Jonathan Vink (the Netherlands) BA in Journalism, Christelijke Hogeschool Ede, 1 September – 30 November, 2014
The three months I spent at CAWU here in Cairo have been a blast. As a journalism student I got many opportunities to write and to develop myself in other aspects. For me it was a perfect blend of writing good stories with legit feedback and developing my graphic design skills making poster and flyers. Apart from the work at CAWU Egypt is a wonderful country to live for a while. It's easy to meet new people and to just do what seems interesting to you. I joined a football team, served food packages in garbage city, explored the west side of Nile on rented bikes, went to slum areas with Egyptian friends, and, of course, I smoked an occasional shisha in an Egyptian café. It's has been amazing. See some of my photos here
Aaron Kunze (Germany) MA Comparative Politics and Society in the Middle East, Eberhard Karls Universitat and American University in Cairo, 21 September – 21 December, 2014
Fabian Weinert (Germany) University of Leipzig, February – April 2014
During my two month administration internship I learned a lot of things. Things about Egypt, about working in an NGO and myself. As this was my first internship at all I was a little bit nervous in the beginning but the nice and welcoming atmosphere at CAWU and the way I was treated made all my concerns melt away. CAWU not just offered me the opportunity to get a gaze into the everyday work of an NGO and gave me the opportunity to experience the live in a Middle Eastern metropolis. Besides my daily job of transcribing articles, writing texts and providing data I got through CAWU a lot of opportunities to meet with a lot of very interesting people from different branches and different political and religious backgrounds I would have otherwise never met.
It was also inspiring to see how CAWU, despite its limited resources and struggles with the Egyptian bureaucracy, was able to maintain its work and that you don't have to be one of the big players to make yourself heard.
Maria Hoenig (Germany) BA Languages, History and Cultures of the Middle East, Eberhard-Karls-Universität Tübingen, February – April 2014
Everything is two-sided, and so are my experiences in Cairo. But for both, the positive sides clearly dominate! Starting with Egypt's capital, I for sure will not miss the traffic and the pollution. But apart from that, there are many other things I will miss a lot. It is a city much worth living in it that has so much to offer. It would be too much to name every single pleasure about Cairo. The main thing is: It is such a diverse city that is has something for everybody! Two months definitely weren't enough to get to know it. But this then is at least a reason to come back.
For CAWU, I enjoyed the internship a lot. The nice people that work here made that easy, of course. But also the work itself was diverse and never became boring. As a translation intern, I had the chance to translate such interesting things as interviews with Egyptian religious authorities. Also, there were always plenty of opportunities for other activities. Be it accompanying the CAWU staff to meetings and lectures or being involved in projects all around the work of the Center. There is a very good working atmosphere and everything you would need is tried to be made available. The staff really makes you have a good stay at the Center. They encourage you in your work and are always there to help. I really felt that what I did was appreciated, what of course increases the motivation. Furthermore, the staff made me feel very welcomed in Egypt and helped me with general things concerning my stay here whenever I needed it. I have to thank everybody at CAWU a lot for the great time both in the office and in Cairo!

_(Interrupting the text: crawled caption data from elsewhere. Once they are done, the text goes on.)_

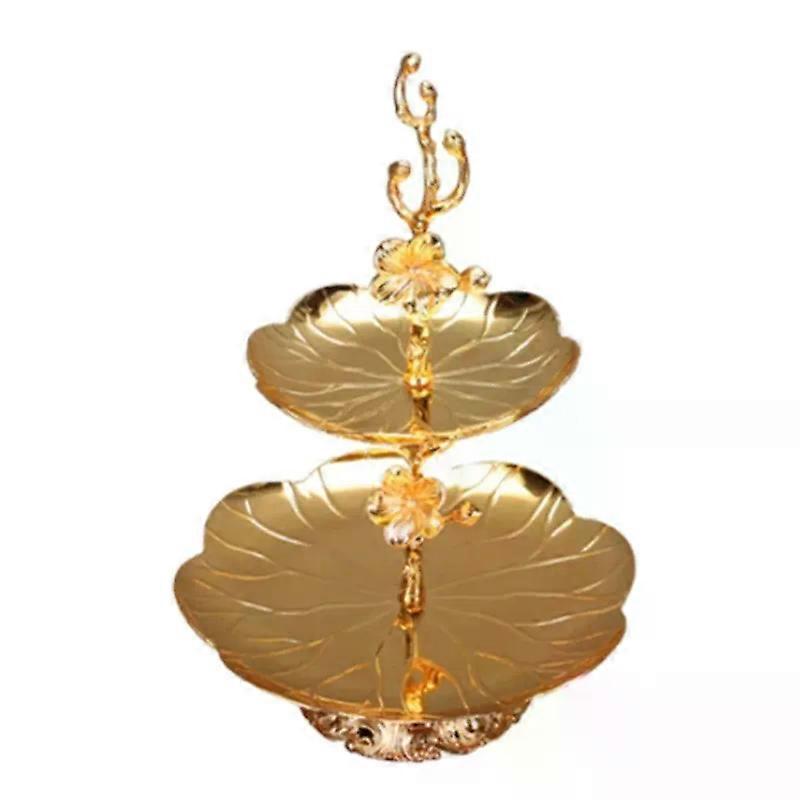 Cake Stand Cupcake Double Layer Lotus Flower Shaped Snack Stand Easy To Use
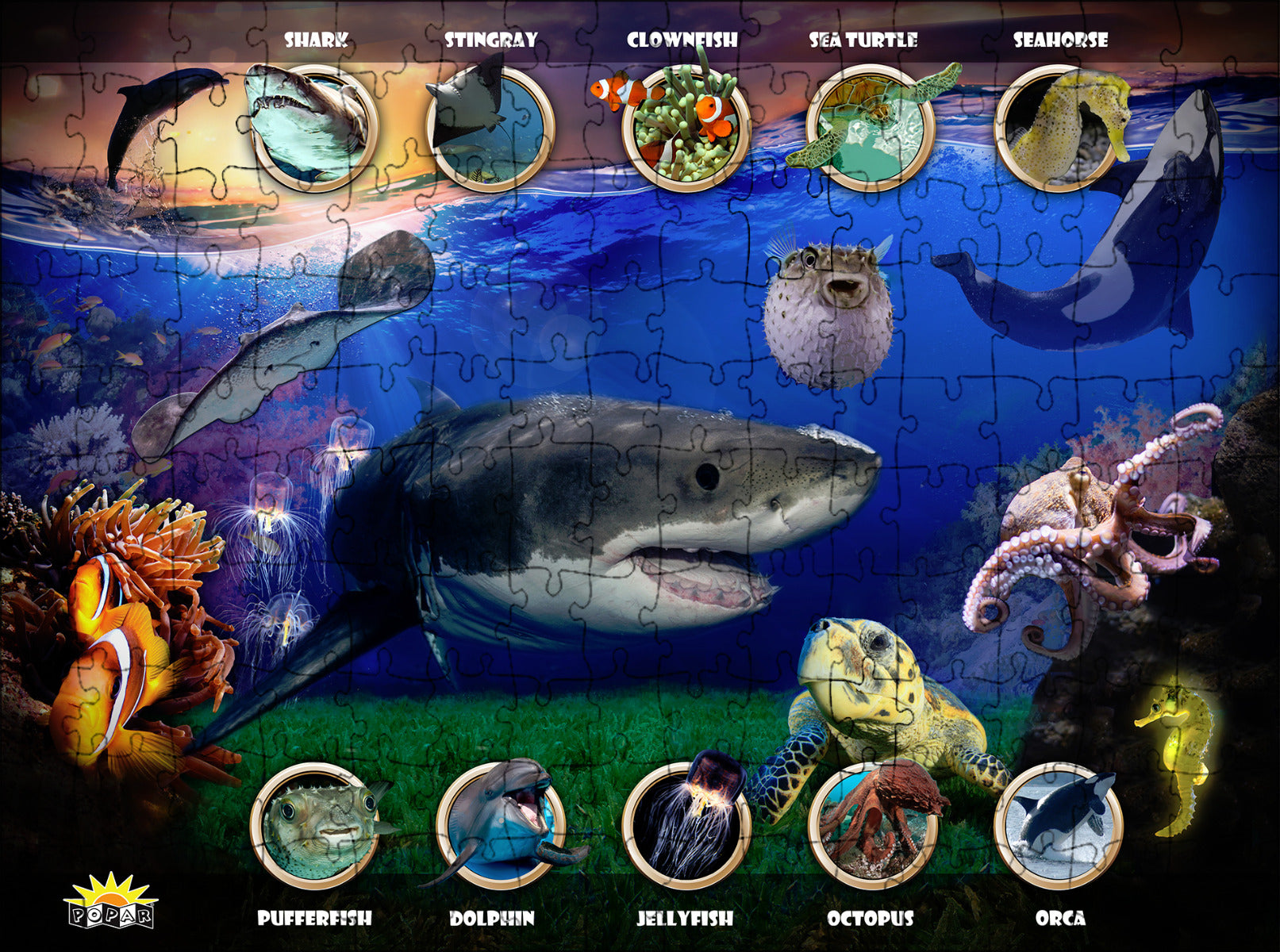 Puzzle interactif sous-marin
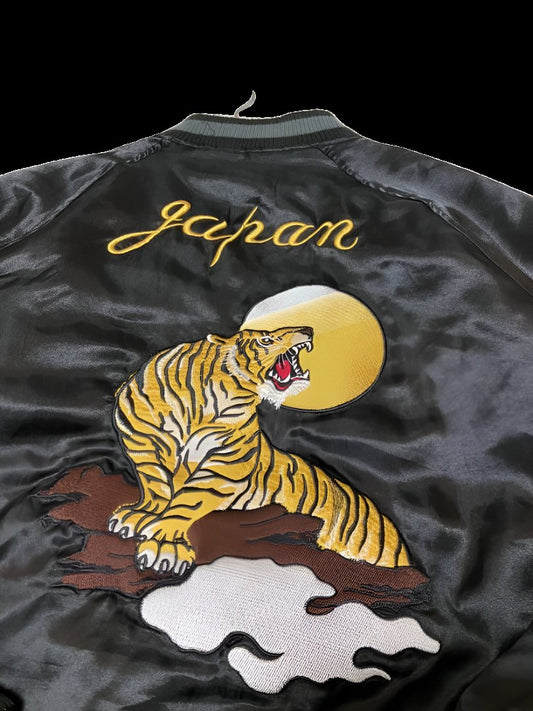 90s JIDAIYA Vintage Sukajan Jacket with Tiger Embroidery US Size Small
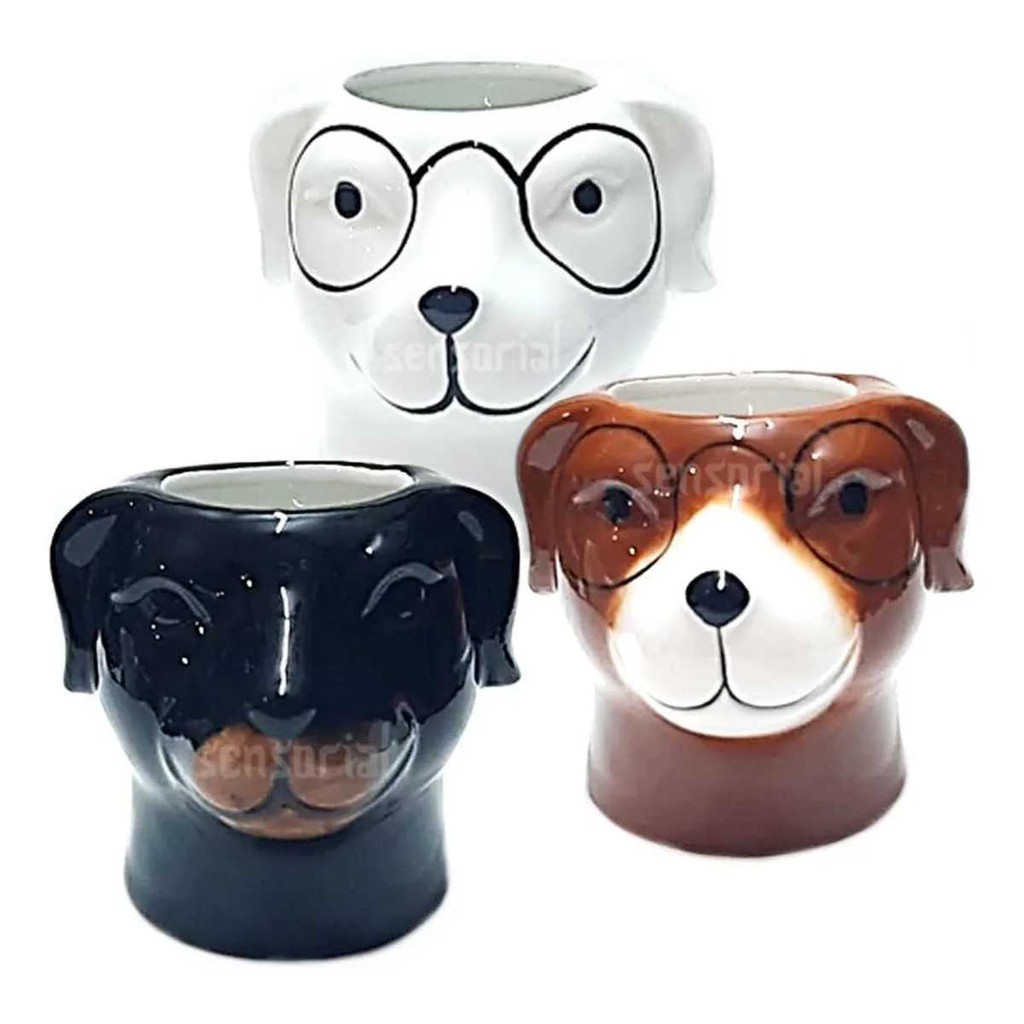 Vaso Decorativo Cachepot Vasinho Bichinhos Fofo Cachorro Para Suculenta cacto caneta enfeite de mesa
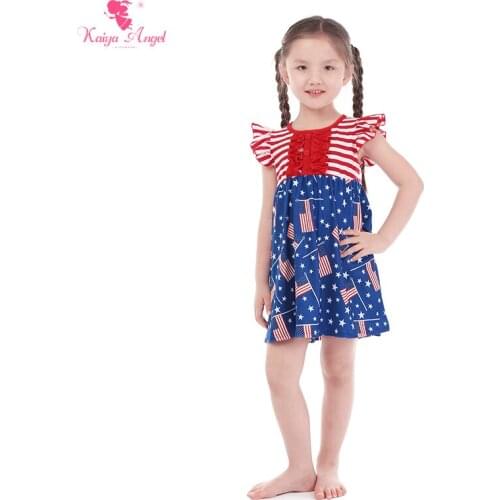Kaiya Angel Kids Dresses For Girls Striped Sleeveless Tops Flag Star Printed Bottom Toddler Girls Summer Clothes Accept Custom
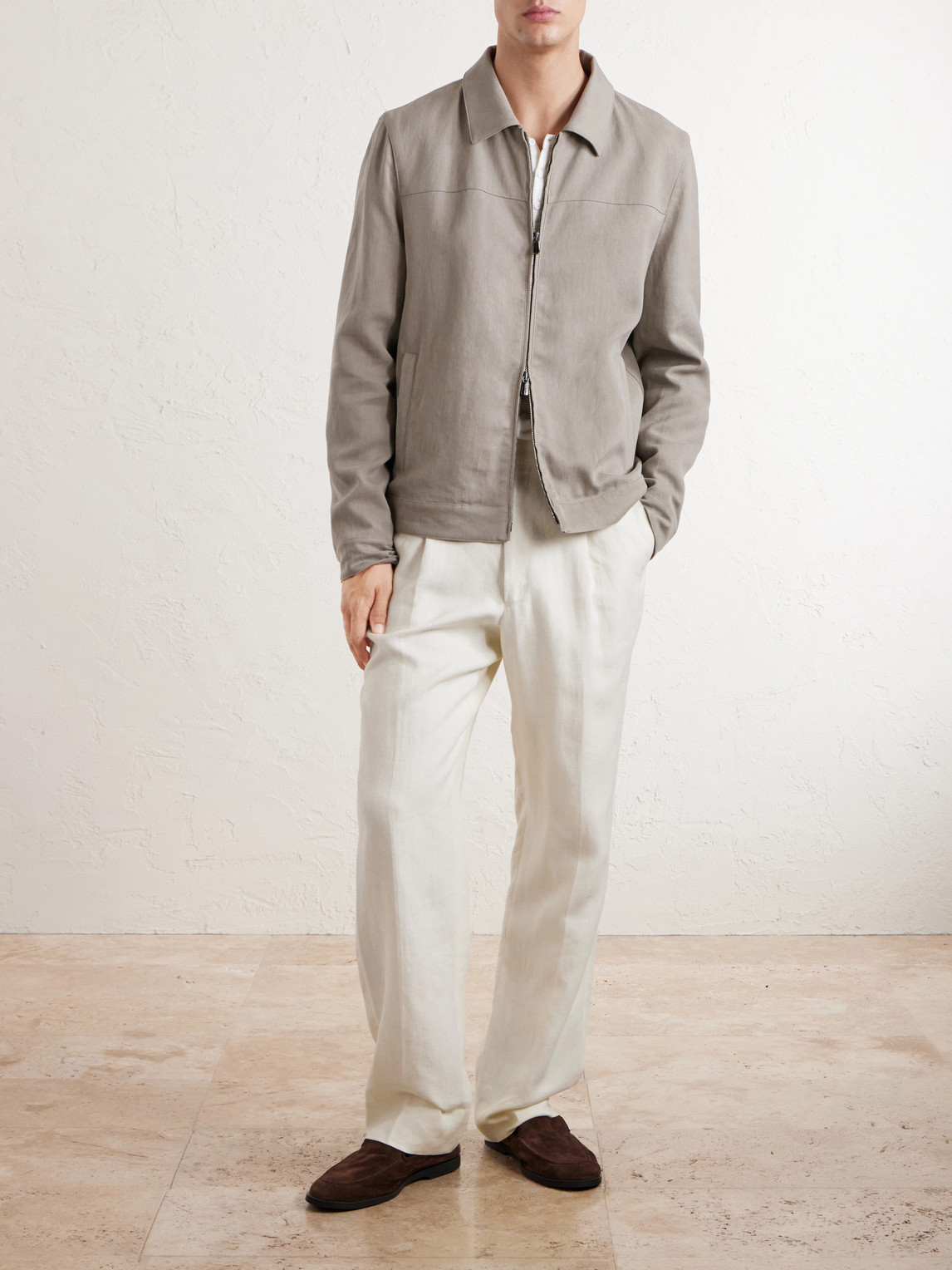 Thom Sweeney Linen Bomber Jacket In Brown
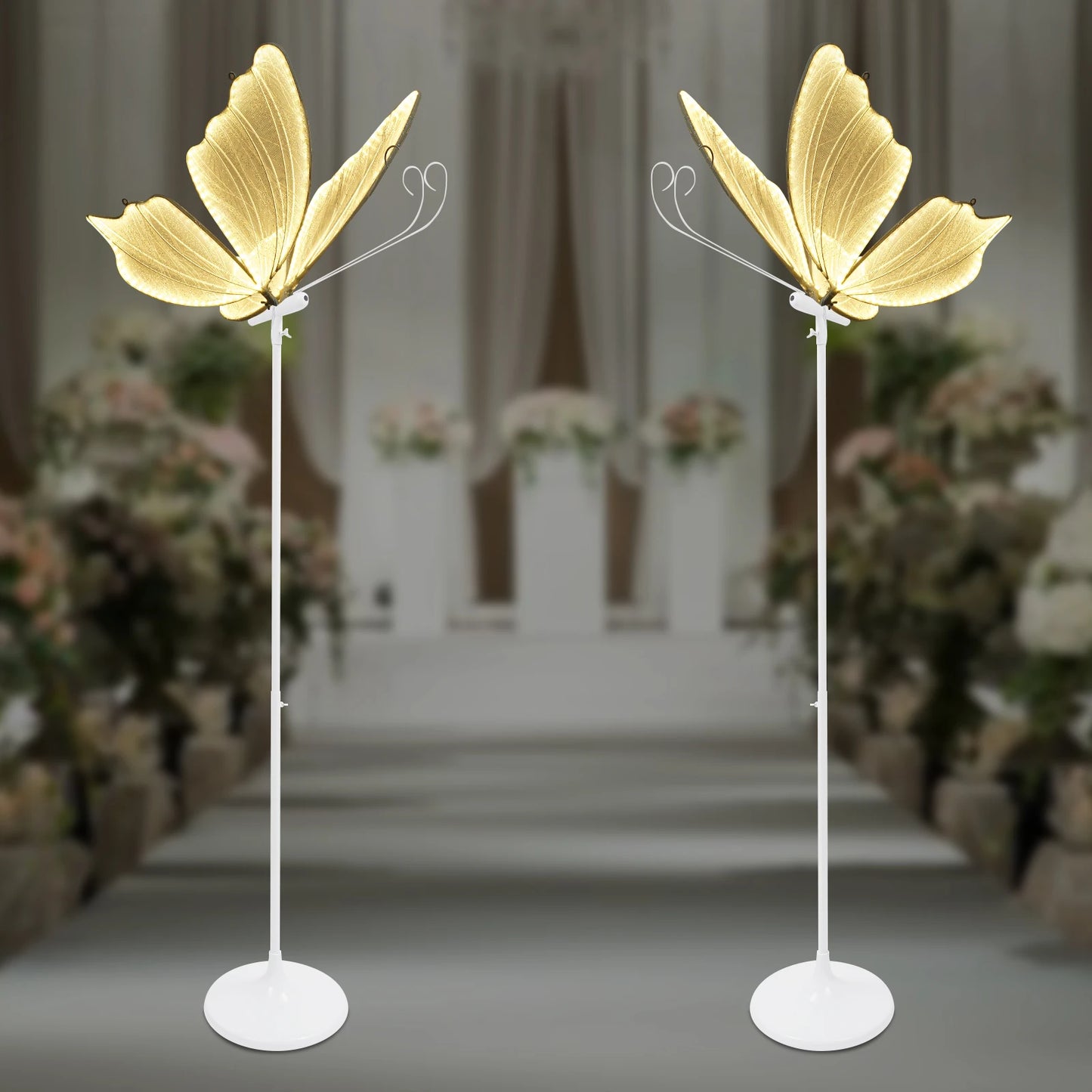 2-Pack Butterfly Wedding Aisle Lights Romantic Butterfly Decoration Lights, Adjustable Height,Dual Mounting for Indoor Weddings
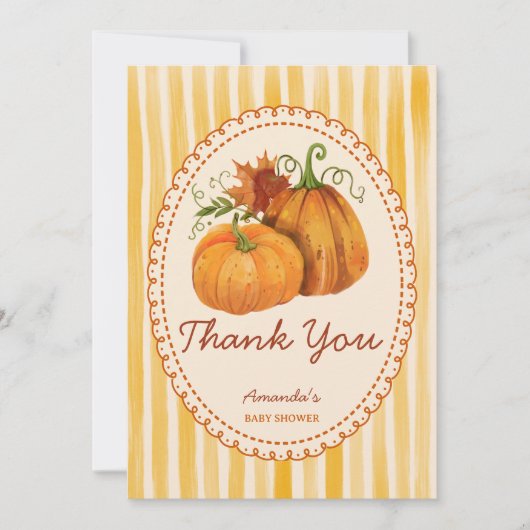 Kleine Kürbis Retro Babydusche danke Karten (Vorderseite)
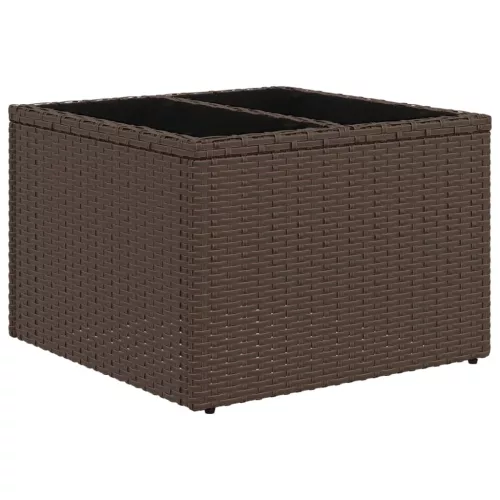  11 részes barna polyrattan kerti ülőgarnitúra párnákkal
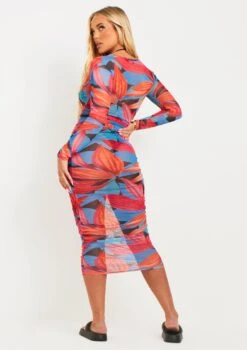 Kylie Blue Leaf Print Ruched Mesh Midi Dress -LA Dress Sales Store me7255 12 07 2022 jt6zp jpg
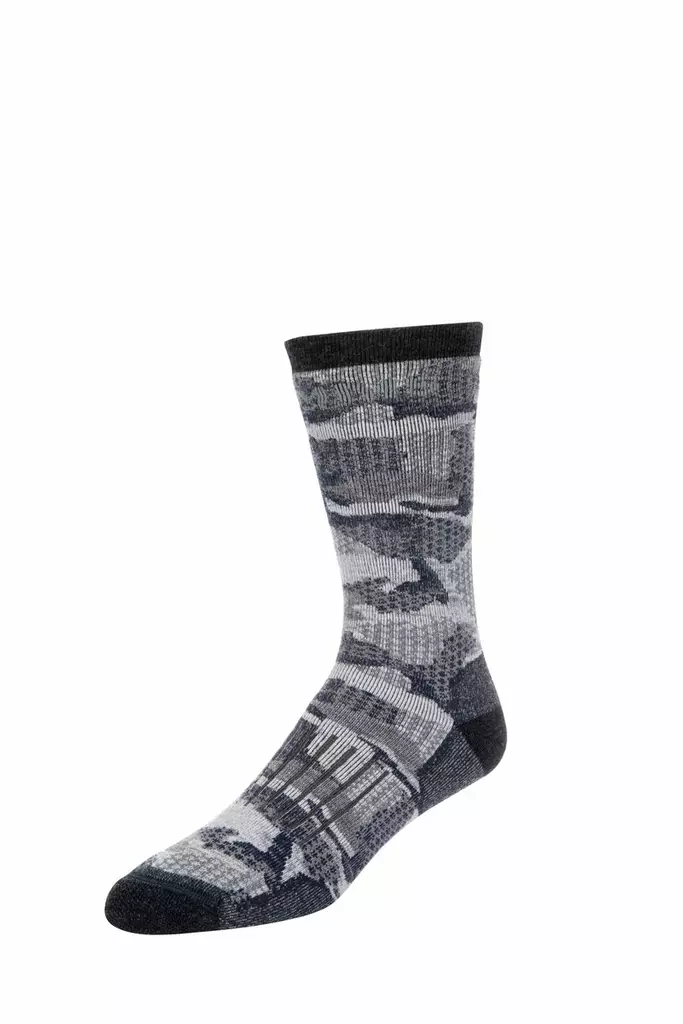Simms Women's Merino Midweight Hiker Sock Hex Flo Camo Admiral - Buffs og andre - 694264504529 - 2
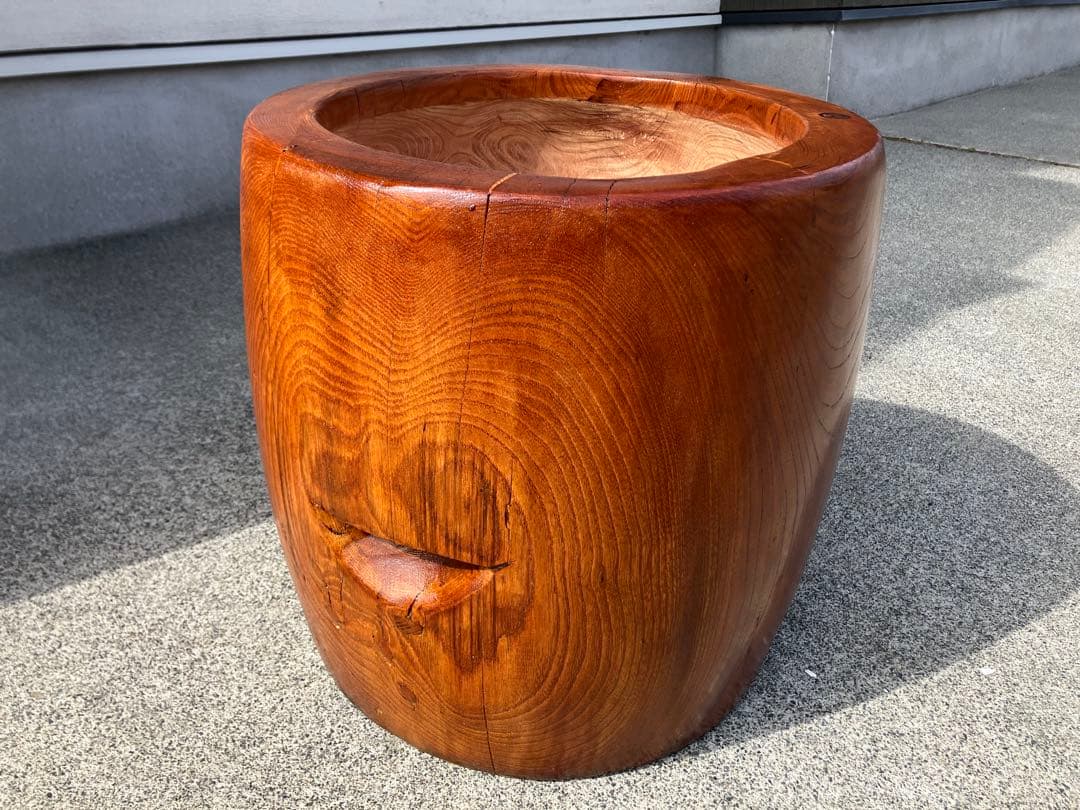 中古臼】木製餅つき臼 フルメンテ - メルカリ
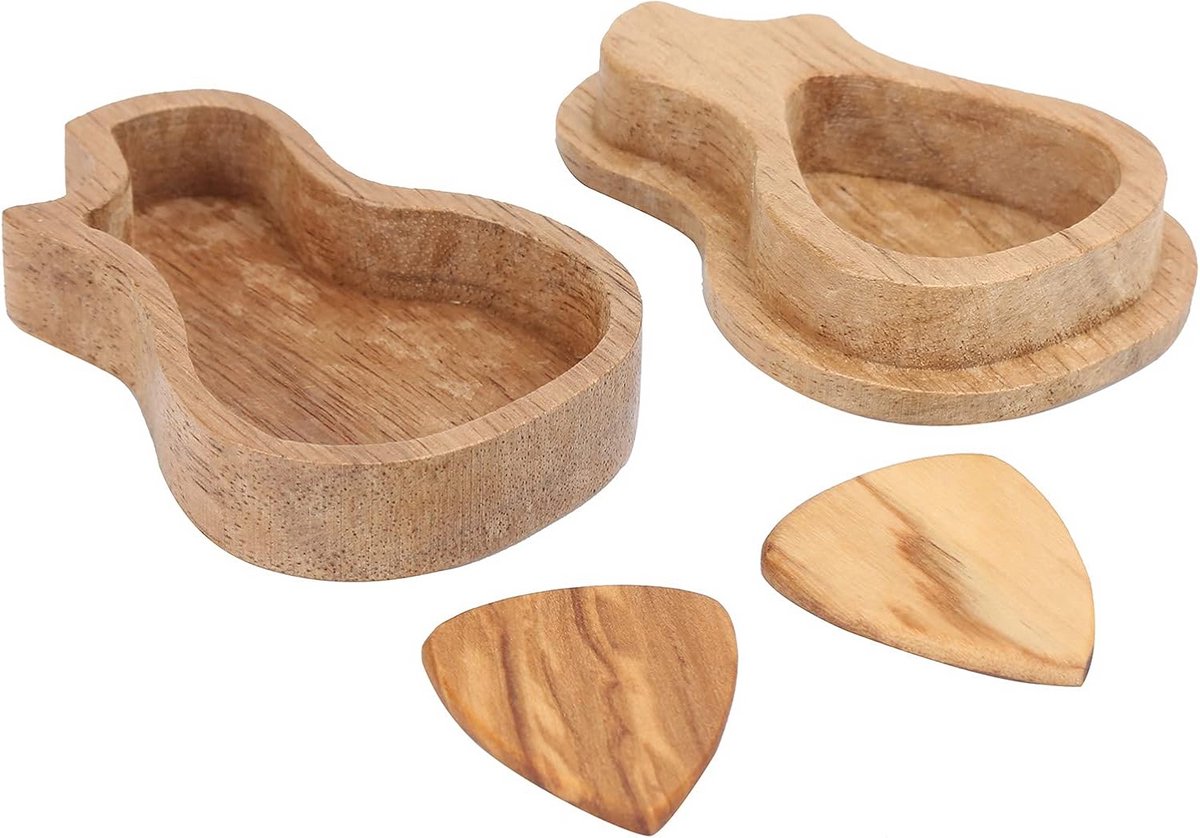 Houten Pickbox voor Gitaar en Ukulele - Inclusief Picks voor Elektrisch, Akoestisch, Bas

Byeongsun Ahn (Austria/South Korea) BA Political Science, University of Vienna, March – May 2014
During my stay at CAWU, I worked on a research paper, titled “Writing a her-story of Egypt: An Illustration of Islamic Women’s Movement in Post-colonial Egypt”, which aimed to investigate a Muslim women’s identity in post-colonial Egypt, in regards to the unique socio-political circumstances they experience in the transition to modernity. This research began with my interest in the particular way that women of post-colonial Muslim states and established minority communities perceive their Muslim identity, as opposed to universal norms of gender-arrangements, which often fail to acknowledge rather different experiences shared by Muslim women themselves. I tried to conduct as many interviews as possible, as listening to what they have to say about their own identity was the most important part of this research. During this time, I met with various religious women who are involved in women’s rights organizations, as well as non-religious activists who work within a secularist framework. It was surely a great opportunity for me to conduct qualitative interviews with people who could share their own stories of being Muslim women and how they wish to preserve their religious/social/political identity.
The research internship offered by AWR was definitely a good chance for me to do my first field research, which allowed me to broaden my knowledge and perception towards this subject. My lack of understanding the culture and the language barrier were of course somewhat of a limitation in conducting interviews with the locals, but people I work with were eager to help me through the problems I faced during my stay here. This experience will surely be an asset to me, especially, as I hope to work and to study further in the similar field and topic in the future.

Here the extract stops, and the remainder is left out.